Stored records:
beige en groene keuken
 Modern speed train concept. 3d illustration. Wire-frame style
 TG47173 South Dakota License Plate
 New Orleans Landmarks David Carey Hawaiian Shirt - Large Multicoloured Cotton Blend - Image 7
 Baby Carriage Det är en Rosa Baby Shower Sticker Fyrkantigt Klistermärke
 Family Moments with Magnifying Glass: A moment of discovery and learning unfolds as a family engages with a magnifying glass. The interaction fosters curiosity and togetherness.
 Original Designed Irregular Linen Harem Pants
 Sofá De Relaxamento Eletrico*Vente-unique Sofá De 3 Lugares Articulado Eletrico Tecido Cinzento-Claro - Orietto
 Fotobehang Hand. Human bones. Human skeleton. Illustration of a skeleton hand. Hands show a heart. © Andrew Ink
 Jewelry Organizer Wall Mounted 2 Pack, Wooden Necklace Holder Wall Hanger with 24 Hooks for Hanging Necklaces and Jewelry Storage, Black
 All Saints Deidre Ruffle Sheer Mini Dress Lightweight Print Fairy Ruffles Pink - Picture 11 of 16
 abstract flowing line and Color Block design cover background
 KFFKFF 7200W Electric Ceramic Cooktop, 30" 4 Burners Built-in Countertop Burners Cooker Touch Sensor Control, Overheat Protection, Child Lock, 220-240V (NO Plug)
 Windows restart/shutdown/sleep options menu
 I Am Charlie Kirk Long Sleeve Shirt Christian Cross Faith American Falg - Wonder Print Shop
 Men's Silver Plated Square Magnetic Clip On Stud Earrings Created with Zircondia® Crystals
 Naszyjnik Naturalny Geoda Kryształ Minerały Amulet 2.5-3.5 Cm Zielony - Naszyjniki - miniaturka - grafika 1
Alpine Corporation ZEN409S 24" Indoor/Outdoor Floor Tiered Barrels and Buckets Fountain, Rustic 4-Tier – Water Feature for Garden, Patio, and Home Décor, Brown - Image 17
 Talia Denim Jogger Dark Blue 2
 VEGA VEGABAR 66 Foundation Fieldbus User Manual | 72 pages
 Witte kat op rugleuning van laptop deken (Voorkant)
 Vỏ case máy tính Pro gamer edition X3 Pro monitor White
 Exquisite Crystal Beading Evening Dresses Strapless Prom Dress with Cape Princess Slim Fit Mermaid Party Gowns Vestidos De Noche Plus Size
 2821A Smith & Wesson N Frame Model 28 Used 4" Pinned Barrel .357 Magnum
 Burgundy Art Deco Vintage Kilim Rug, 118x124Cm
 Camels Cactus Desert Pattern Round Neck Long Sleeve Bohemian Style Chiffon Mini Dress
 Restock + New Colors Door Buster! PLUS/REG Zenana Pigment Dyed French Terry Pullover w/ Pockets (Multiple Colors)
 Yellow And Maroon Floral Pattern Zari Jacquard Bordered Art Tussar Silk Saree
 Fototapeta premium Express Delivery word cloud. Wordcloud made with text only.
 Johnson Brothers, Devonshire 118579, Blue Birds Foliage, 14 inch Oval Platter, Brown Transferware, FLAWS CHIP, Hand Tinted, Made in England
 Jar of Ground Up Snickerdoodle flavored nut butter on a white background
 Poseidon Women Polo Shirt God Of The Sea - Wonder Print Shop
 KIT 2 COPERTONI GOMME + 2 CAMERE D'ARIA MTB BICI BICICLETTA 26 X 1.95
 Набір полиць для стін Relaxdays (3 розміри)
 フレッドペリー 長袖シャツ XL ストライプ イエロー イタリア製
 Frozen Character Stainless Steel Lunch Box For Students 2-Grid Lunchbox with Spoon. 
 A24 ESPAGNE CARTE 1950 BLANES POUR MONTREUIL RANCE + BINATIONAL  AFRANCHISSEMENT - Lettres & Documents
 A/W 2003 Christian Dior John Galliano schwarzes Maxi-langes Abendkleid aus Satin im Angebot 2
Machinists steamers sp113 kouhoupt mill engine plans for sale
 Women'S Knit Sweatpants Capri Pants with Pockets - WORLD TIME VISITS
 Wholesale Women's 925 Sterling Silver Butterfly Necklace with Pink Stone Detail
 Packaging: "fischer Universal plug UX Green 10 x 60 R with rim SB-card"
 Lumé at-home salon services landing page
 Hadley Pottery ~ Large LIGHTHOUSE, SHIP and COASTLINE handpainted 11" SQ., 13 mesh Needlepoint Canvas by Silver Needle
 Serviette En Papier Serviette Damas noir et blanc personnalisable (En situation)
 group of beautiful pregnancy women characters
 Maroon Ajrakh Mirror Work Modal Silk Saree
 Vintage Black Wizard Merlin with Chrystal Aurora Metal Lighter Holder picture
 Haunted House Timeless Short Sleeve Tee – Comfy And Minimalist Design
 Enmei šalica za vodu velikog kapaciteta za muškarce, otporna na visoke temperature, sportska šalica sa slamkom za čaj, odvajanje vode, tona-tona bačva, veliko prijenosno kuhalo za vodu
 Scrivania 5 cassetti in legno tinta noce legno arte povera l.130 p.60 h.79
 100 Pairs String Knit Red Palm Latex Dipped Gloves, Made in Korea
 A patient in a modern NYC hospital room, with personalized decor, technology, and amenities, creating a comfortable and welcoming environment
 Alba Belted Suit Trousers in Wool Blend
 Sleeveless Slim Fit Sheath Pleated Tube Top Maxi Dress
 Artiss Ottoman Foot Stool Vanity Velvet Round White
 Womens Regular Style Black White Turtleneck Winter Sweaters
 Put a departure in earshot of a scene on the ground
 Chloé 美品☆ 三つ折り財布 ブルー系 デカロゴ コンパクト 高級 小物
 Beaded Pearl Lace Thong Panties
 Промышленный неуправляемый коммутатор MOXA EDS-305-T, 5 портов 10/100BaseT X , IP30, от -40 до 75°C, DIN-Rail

Requirement: Reproduce the final stretch of the data above: every line from the one holding "Put a departure" through the end, inclusive, exactly as written and nothing else.

Answer box:
 Put a departure in earshot of a scene on the ground
 Chloé 美品☆ 三つ折り財布 ブルー系 デカロゴ コンパクト 高級 小物
 Beaded Pearl Lace Thong Panties
 Промышленный неуправляемый коммутатор MOXA EDS-305-T, 5 портов 10/100BaseT X , IP30, от -40 до 75°C, DIN-Rail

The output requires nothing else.